[Source records]

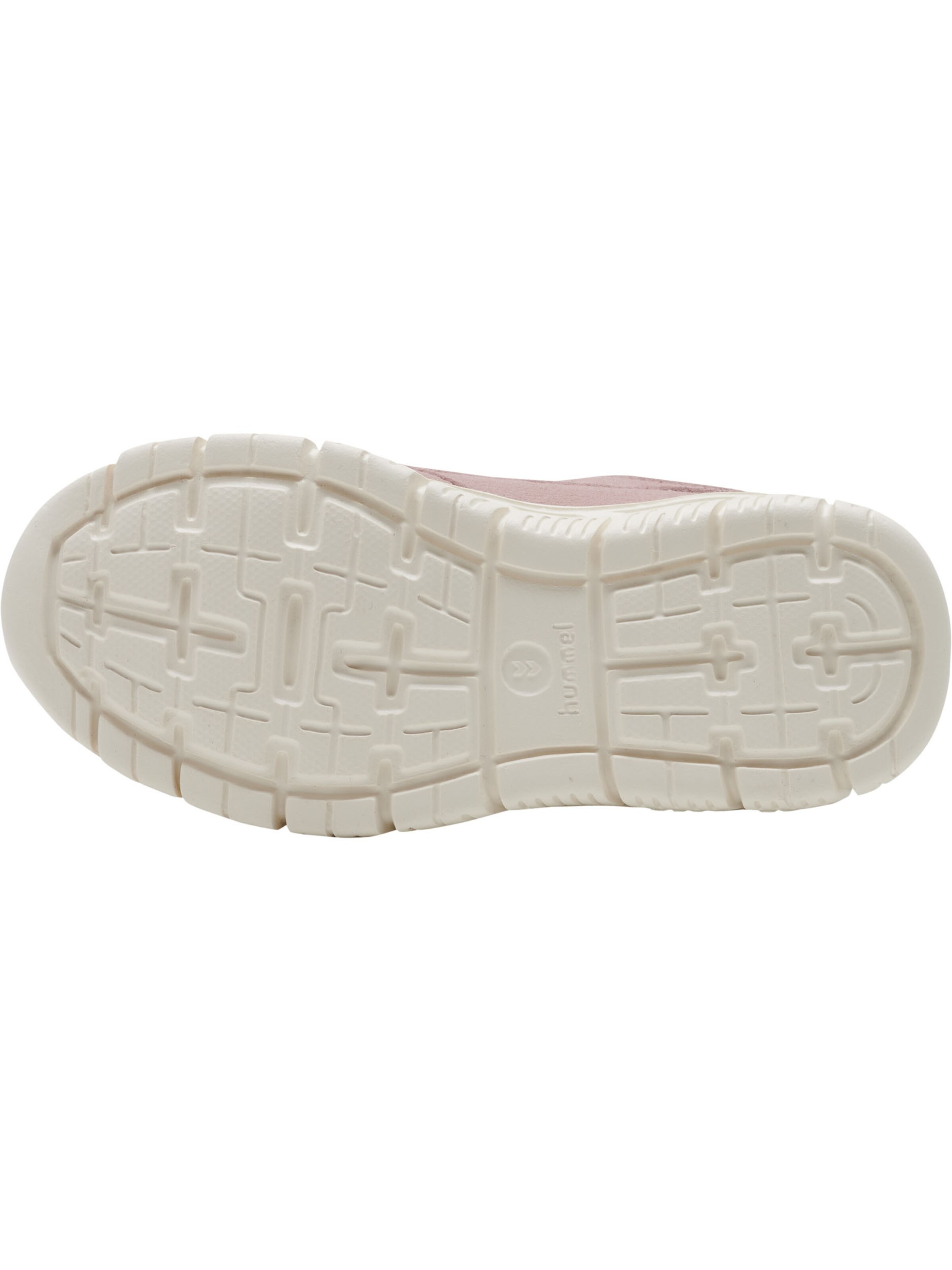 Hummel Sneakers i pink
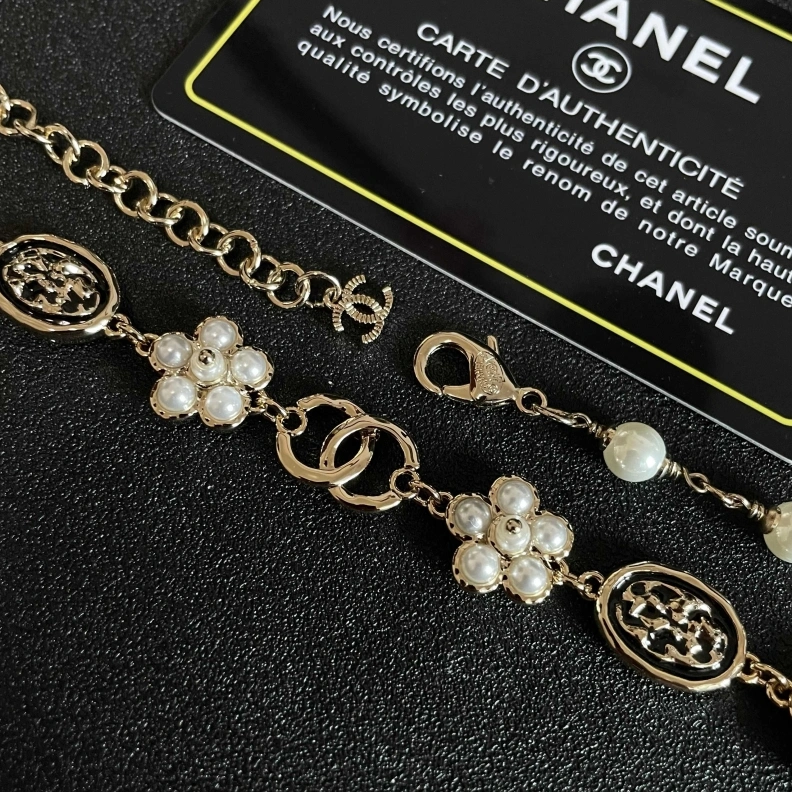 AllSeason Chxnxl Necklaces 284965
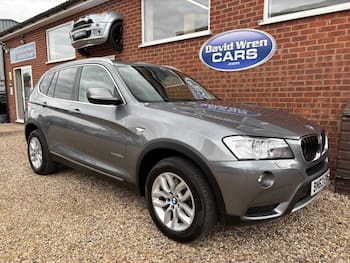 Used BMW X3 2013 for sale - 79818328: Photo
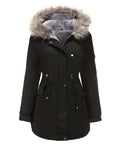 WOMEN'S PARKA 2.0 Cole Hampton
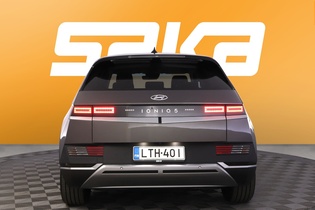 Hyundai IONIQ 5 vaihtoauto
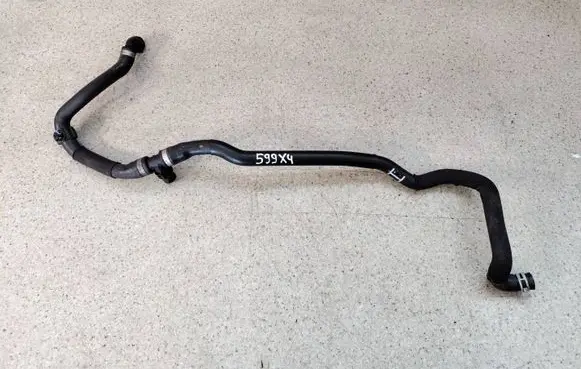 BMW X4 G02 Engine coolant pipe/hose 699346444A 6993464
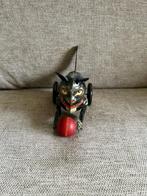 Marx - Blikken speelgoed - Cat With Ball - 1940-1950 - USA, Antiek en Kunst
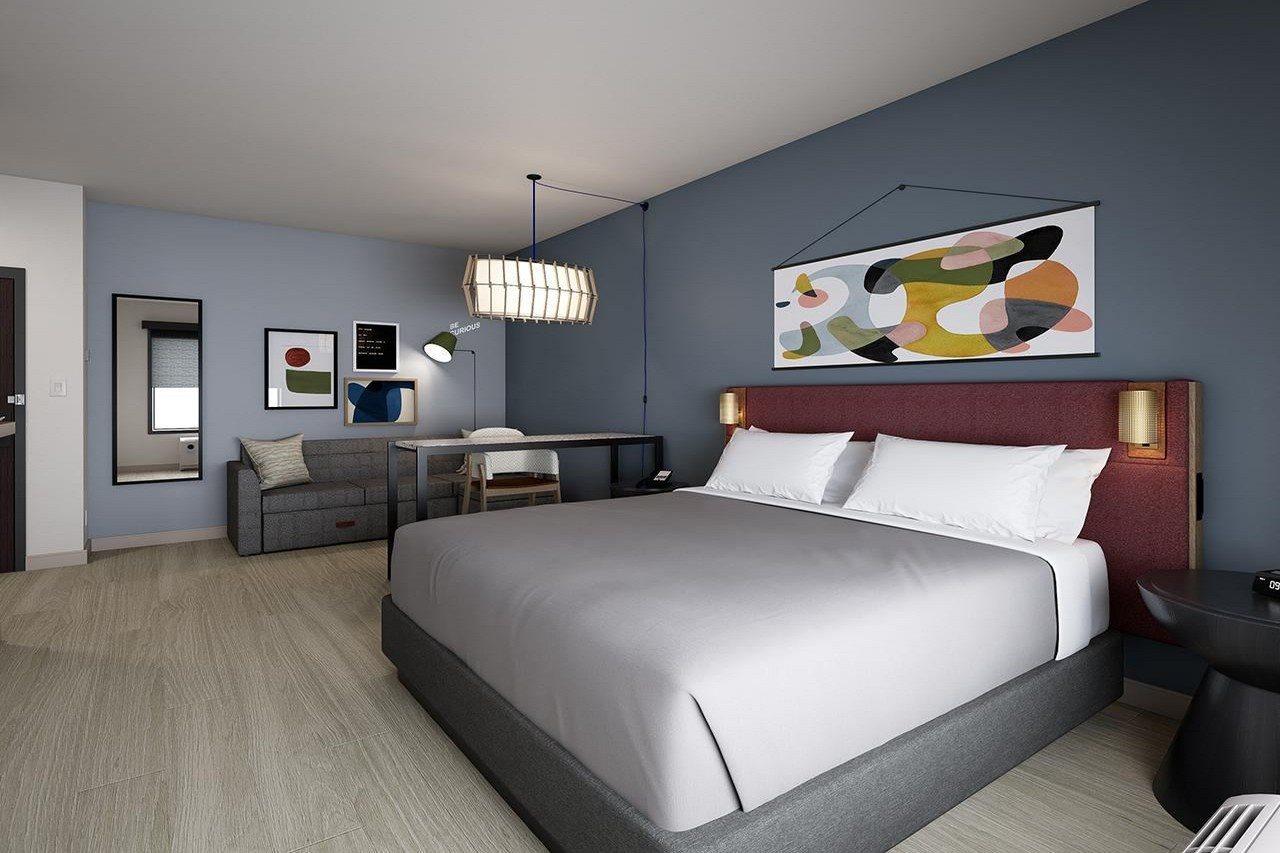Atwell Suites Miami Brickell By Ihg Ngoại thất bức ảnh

Prompt: Leave the pictures out and print every record exactly.

Result of this task:
 Hummel Sneakers i pink
 AllSeason Chxnxl Necklaces 284965
 Used BMW X3 2013 for sale - 79818328: Photo
 WOMEN'S PARKA 2.0 Cole Hampton
 Hyundai IONIQ 5 vaihtoauto
 BMW X4 G02 Engine coolant pipe/hose 699346444A 6993464
 Marx - Blikken speelgoed - Cat With Ball - 1940-1950 - USA, Antiek en Kunst
Atwell Suites Miami Brickell By Ihg Ngoại thất bức ảnh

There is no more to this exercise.